Kann man mal eben in einem Tag von München bis zum Gardasee radeln? Theoretisch ja, aber eine alltägliche Radtour ist das sicher nicht. Müsste man mal ausprobieren – denke ich mir schon seit einer ganzen Weile, und irgendwann im Frühjahr tauchte Jörg beim Liegeradstammtisch mit einer ersten Routenplanung auf. Er kennt die Strecke und weiß, dass es ab Bozen einen wunderbaren Radweg im Etschtal gibt. Weil so ein Unternehmen gutes Wetter voraussetzt, kann man keinen Termin lange vorausplanen, aber wir fassen Anfang August ins Auge.
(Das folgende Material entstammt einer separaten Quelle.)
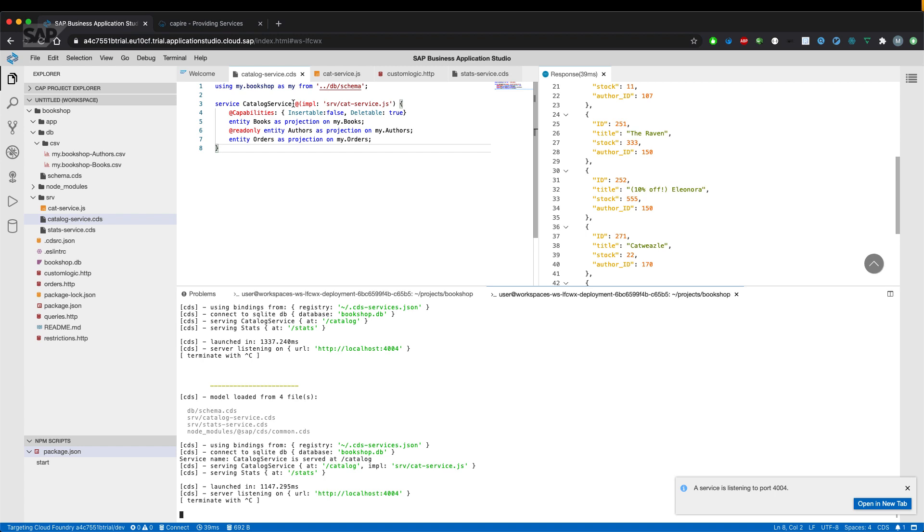That's it about how to implement custom logic in a Node.js-based CAP project and how to use the debugging capabilities in the SAP Business Application Studio. Thanks for watching.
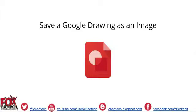This video is the third video in a series on how to use Google tools to create digital breakout style games. In this video, I'll demonstrate how to save a Google drawing file as an image to insert in your Google site that will house the digital breakout style game.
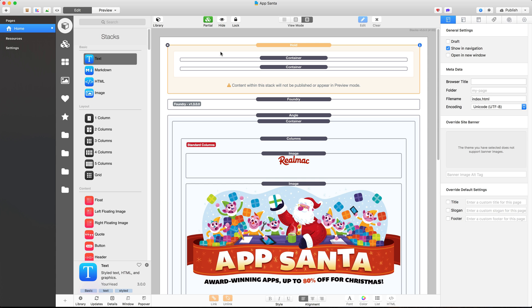Hey everyone, Ben here from RealMac Software. I'm just working on the AppSanta website and I thought I'd record a quick video to show you some of the keyboard shortcuts I use to improve my workflow when I'm working with RapidWeaver and Stacks.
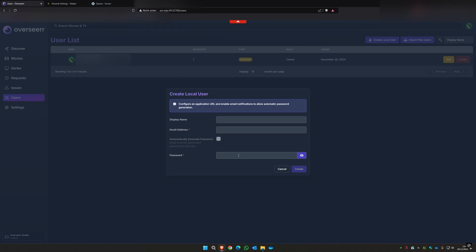And basically you then have just one interface, the Overseer, where you can select the series and films you want to download.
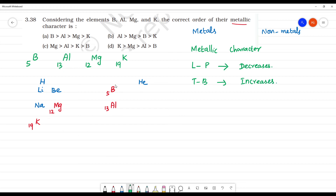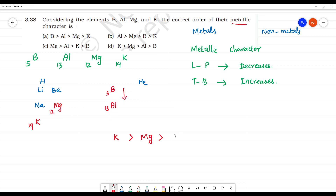Moving top to bottom, metallic character increases. Comparing Boron and Aluminium — moving down the group, metallic character increases. So Aluminium will have more metallic character than Boron. Moving top to bottom in a group, metallic character increases — this will be the answer.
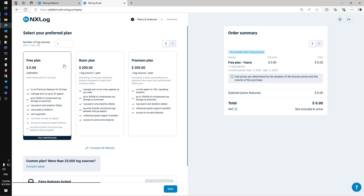Signing up with the free plan, you get a premium features trial for 30 days automatically, so you can test, scope, and decide on an upgrade later. And if you are looking for a custom pricing model or have any questions regarding licensing, please do not hesitate to contact us for additional information.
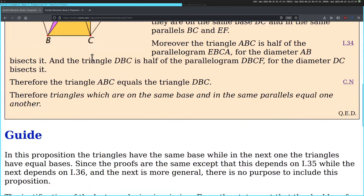Therefore, the triangle ABC equals the triangle DBC. Cool. Therefore, triangles which are on the same base and in the same parallels equal one another. Cool. Fucking obvious.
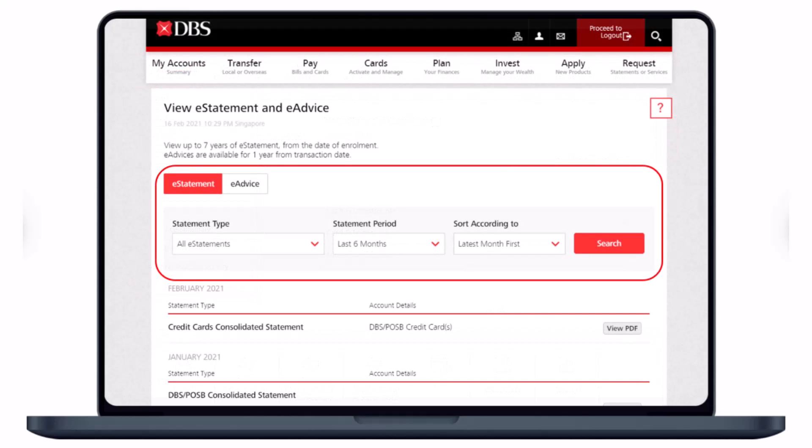Once you select View e-Statement and e-Advice, you'll see this interface. You can see it says you can view up to seven years of e-statements from the date of enrollment, and e-advices are available for one year from the transaction date. Go ahead and select your statement type, your statement period, and sort according to latest month first or latest month last, then click the search button.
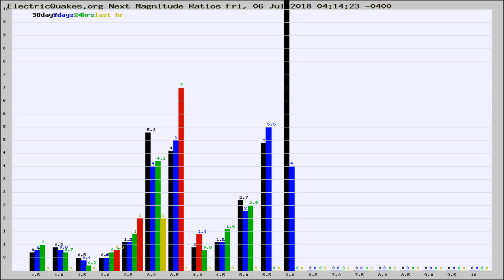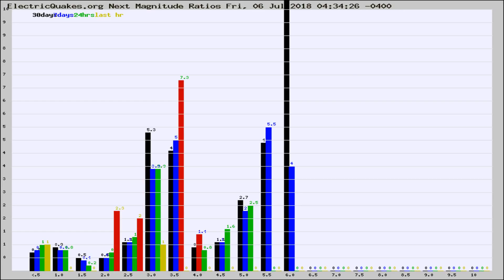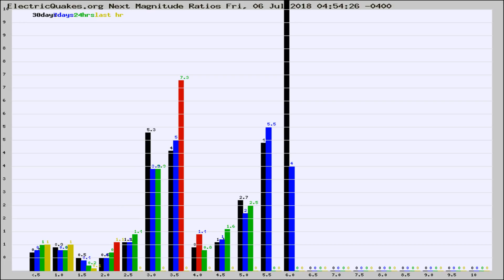Now you're seeing the next magnitude ratios, which is a graph of the ratio of, say, magnitude 2 to the number of magnitude 3s, which should stay consistent for any given area. If it changes between the last 30 days, 7 days, 24 hours, and last hour, it may indicate something unusual happening in that area.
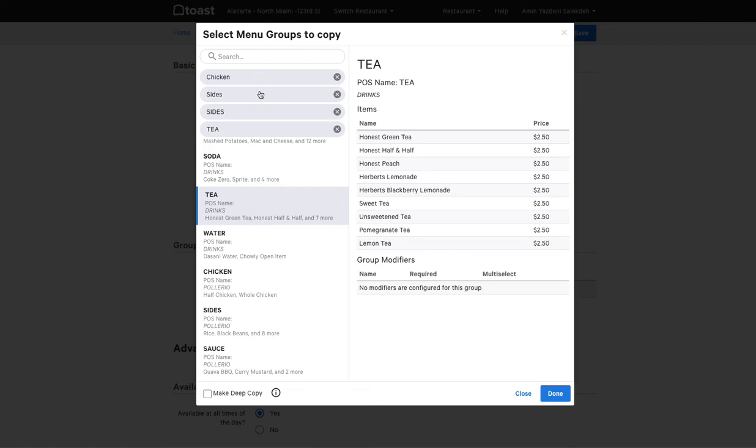Each one of these groups will show up as a category in Craver platform and all the items inside that will be a product in Craver platform.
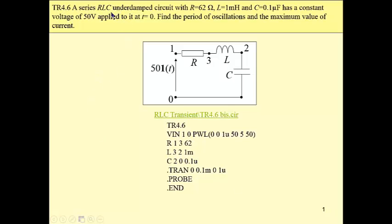We have a series RLC underdamped circuit here, underdamped for these values of R, L, and C. We have a step input, and our task is to find the period of oscillations and the maximum value of this mesh current.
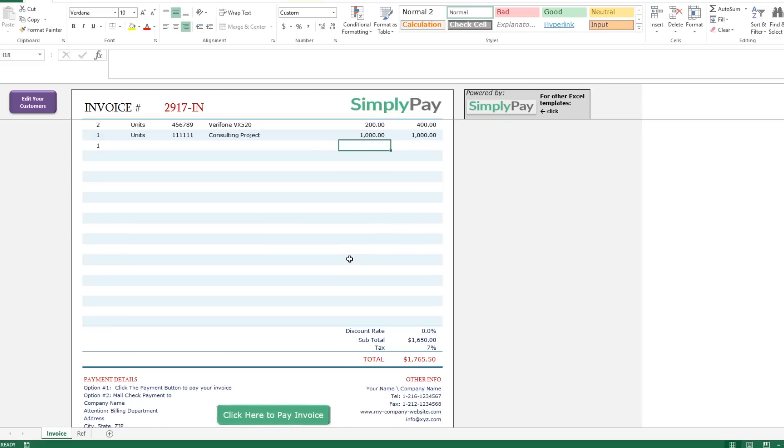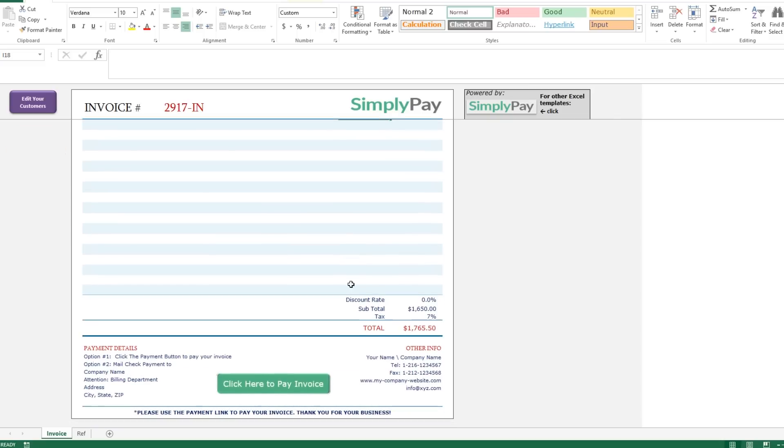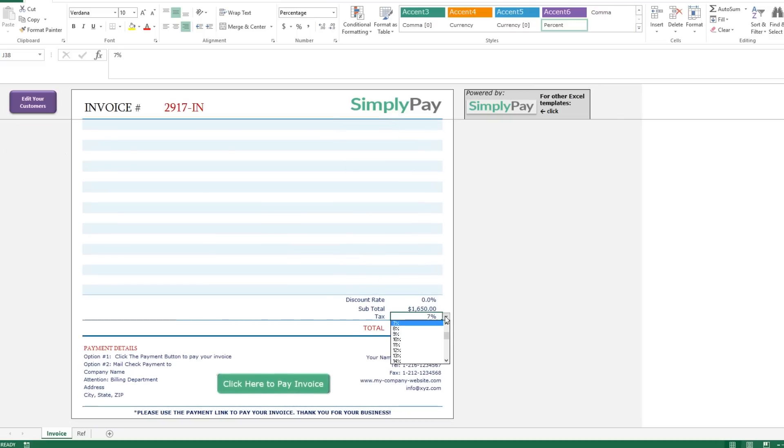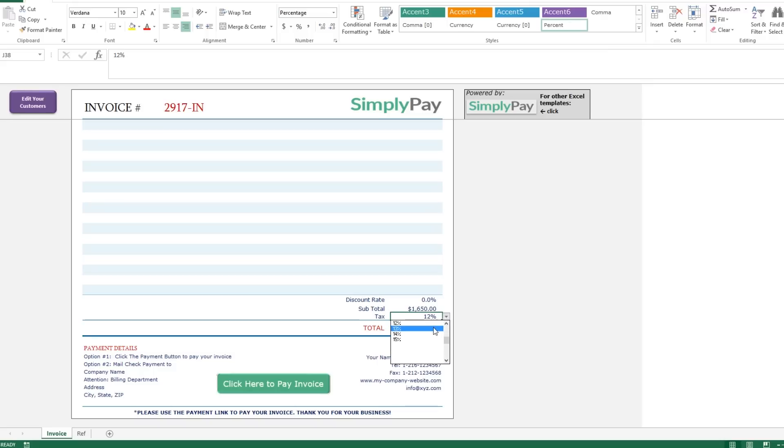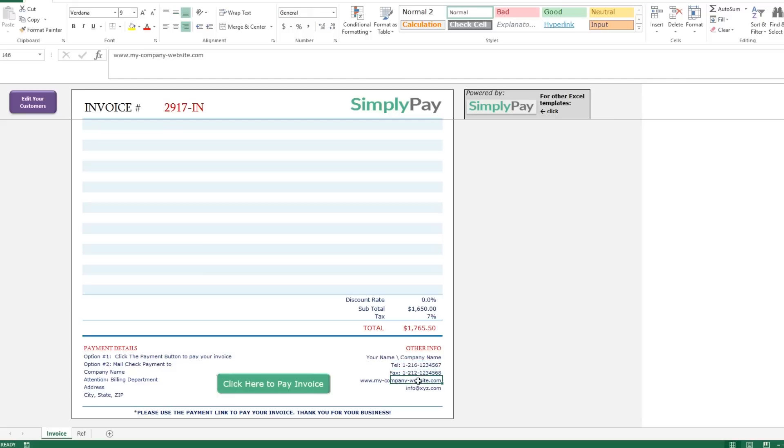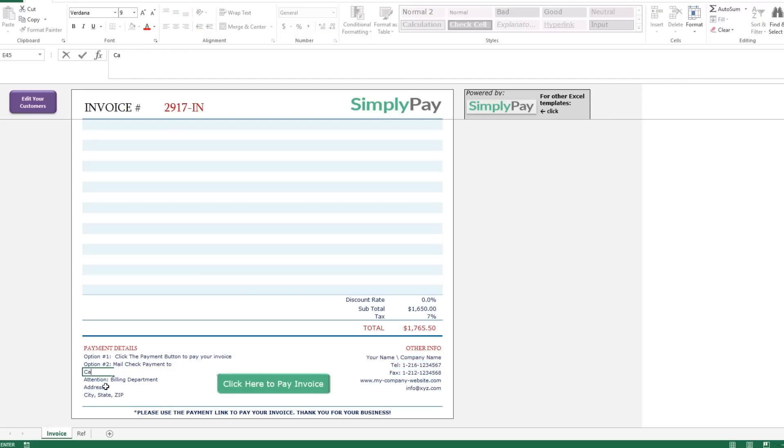Then come down to the bottom and you'll see the totals and payment details. If you want to add sales tax, click the cell and choose the applicable tax from the drop down menu. The payment details and other info section can be customized with your information and they're standard text fields, so just type in your contact information.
In der ersten Augustwoche treffen wir uns wieder zum Liegeradstammtisch, und es herrscht gerade eine Schönwetterperiode, was in diesem etwas verregneten Sommer schon erwähnenswert ist. Die Vorhersage für das Wochenende ist hervorragend – also ziehen wir es durch! Außer Jörg und mir hat sich auch noch Roman bereit erklärt, mitzufahren (obwohl er bis zuletzt an seiner Diplomarbeit gearbeitet hat und alles andere als erholt und trainiert ist), und Martin, der Supersportler. Für ihn dürfte es eher ein Spaziergang sein.
Wir vier sitzen abends bei Jörg auf der Dachterrasse und grillen. Eigentlich war geplant, durch das Inntal nach Innsbruck zu radeln und deshalb bei mir in Ebersberg zu starten, allerdings meinte Martin, dass der Weg über Mittenwald kürzer sei und er ihn außerdem auswendig kenne. Dass dafür ein ziemlicher Berg zwischen Kochel und Innsbruck zu überwinden ist, scheint ihn nicht zu stören – wir anderen sind zwar etwas skeptisch, aber widersprechen nicht; er kennt sich schließlich aus. Nachdem die Sonne untergegangen ist, beginnt es leicht zu tröpfeln. Einerseits gut, weil ein bisschen Abkühlung ganz gut täte, speziell für die morgige Tour. Andererseits wollen wir nicht im Regen fahren, möglichst nicht einmal auf nassen Straßen. Nachdem der Regen vorüber ist, brechen Martin und Roman auf; ich darf bei Jörg übernachten. Er gibt mir noch die Gepäckträgertasche von seiner Freundin, weil er meint, dass meine Ortlieb-Taschen inakzeptabel im Wind stehen würden; ich hatte eben nichts Besseres. Und so packen wir unser Zeug, bevor wir uns ins Bett hauen.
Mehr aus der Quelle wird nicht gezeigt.